04 September 2016

Mt. Oku, International Women's Day and Bafut

Continuing our March 2016 holiday travels with my family.

After a nice breakfast prepared by Shangtal, we were given a ride to the outskirts of town to begin our hike with our guide Ernest.

Ernest leads the way.

We walked past farmland until we reached a community forest, where people can still trap small game and raise bees but do not farm.
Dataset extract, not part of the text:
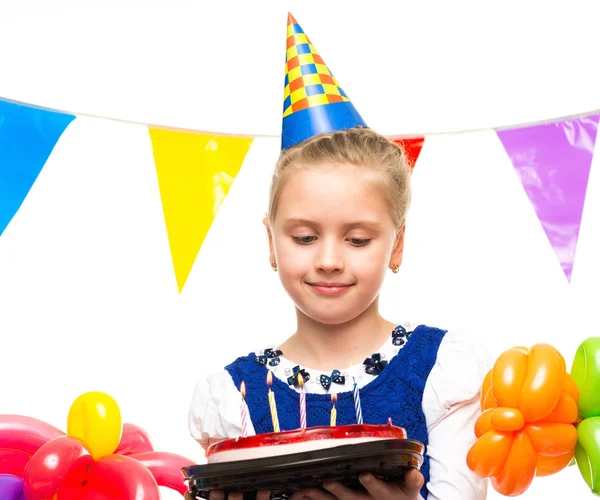 Pequeña niña feliz sosteniendo caja de regalo —  Fotos de Stock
Up in the tree! It's a man-made beehive!


Higher up the mountain, it became clearer that we were not making for the crater lake as expected. After reading the guidebook's description of the hike as “not particularly strenuous or challenging,” I thought I'd settled on a less difficult version of our Mt. Manengouba hike, with no mud to boot.

Trees on Mt. Oku.

Traps used to catch rodents.

While quite forested in lower stretches, Mt. Oku gave way to grasslands as we approached the summit.

Grasslands and forest.


A reputed 7 hour round trip was closer to 10 by the time we made our way back to town, although all felt some accomplishment and we then rode back to Bamenda.

We were quite impressed that Ernest spotted this
chameleon in a tree some five meters off the path.

The next day was International Women's Day. We met up with our colleague Izong, who was home for Spring Break, to check out the parade in Bamenda.

Pidgin English deployed in mobile phone carrier advert.
Gari is made of ground cassava. You add sugar to make it tastier.

We were warned that today is truly the day for women, and there were suspiciously large contingents of teachers for a school day, as well as groups taking over the various bars around town.

Today is for the women. The students will still be at school tomorrow.
Float promoting/demonstration voter registration.

From Bamenda we went north to Bafut to visit the Fon's palace there. We were hosted by Ma Rose, one of the Fon's many wives. Each successive Fon inherits the wives of his predecessor. The idea is that they counsel and advise him, and that the Fon remains responsible for the financial support of the wives and their children.

Bafut palace's grandstand and the compound entrance. The grass
Takombang House holds the Fon's ceremonial drum (for broadcasting messages).

We originally were given the number of Ma Constance, but she must have been busy at the Bafut International Women's Day celebrations and didn't hear her phone (we met her on the way out).

Bafut palace compound. Only the Fon and his
advisors can enter the thatched-roof Achum building.


Similar to Oku and other Northwest Region fondoms,
spiders and lions are symbols of wisdom and power.

Ma Rose showed us around the palace museum and grounds, and hastily arranged for a short dance performance.



In the old days adulterers and other criminals were
 tied here, beaten, and left for wild animals.

We headed back to town for drinks and dinner, and encountered many roving bands of International Women's Day revelers.

Our neighbours at a bar in Bamenda. This night belonged to the ladies.